Write out the data below in full, unchanged, minus the images.

Provided data ▸
------------------------------------------------

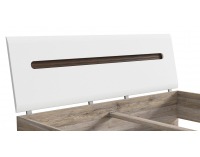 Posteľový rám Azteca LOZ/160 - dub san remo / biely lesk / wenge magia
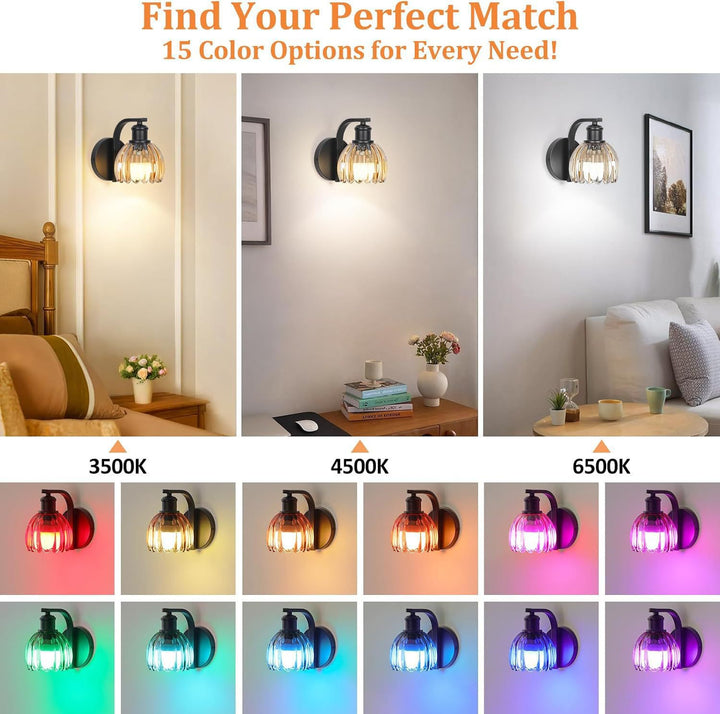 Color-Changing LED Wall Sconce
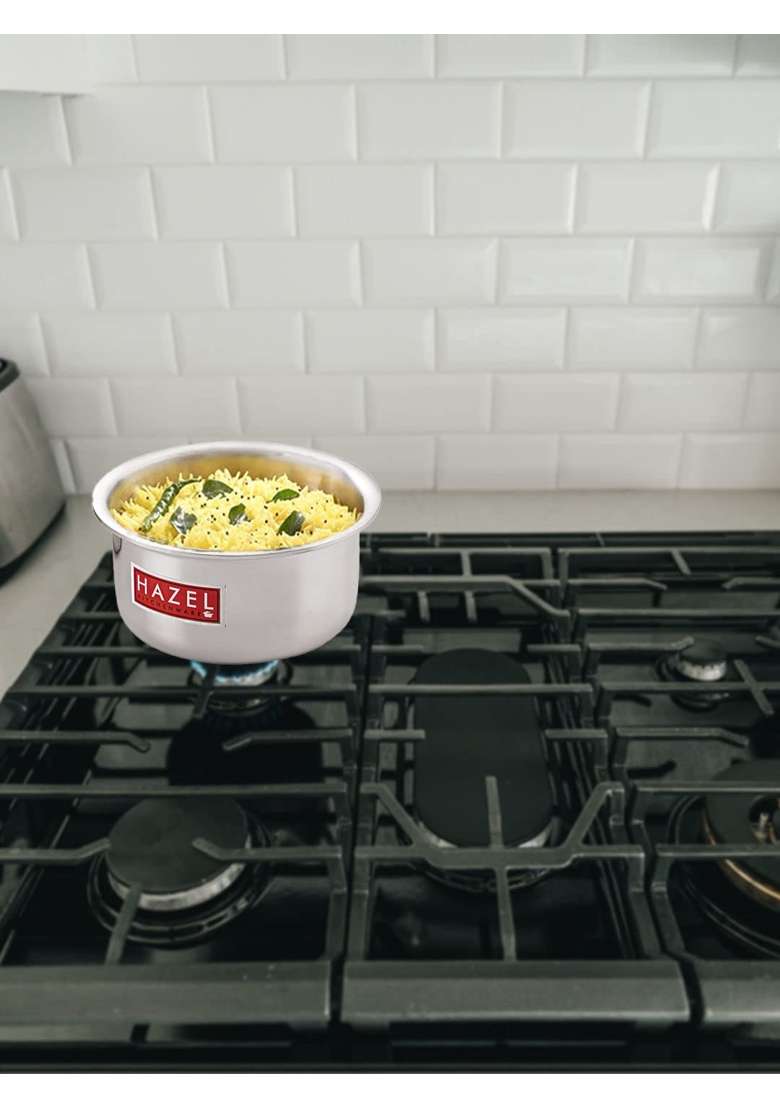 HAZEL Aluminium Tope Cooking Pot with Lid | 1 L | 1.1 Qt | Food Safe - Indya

------------------------------------------------

Solution for this exercise ▸
 Posteľový rám Azteca LOZ/160 - dub san remo / biely lesk / wenge magia
 Color-Changing LED Wall Sconce
 HAZEL Aluminium Tope Cooking Pot with Lid | 1 L | 1.1 Qt | Food Safe - Indya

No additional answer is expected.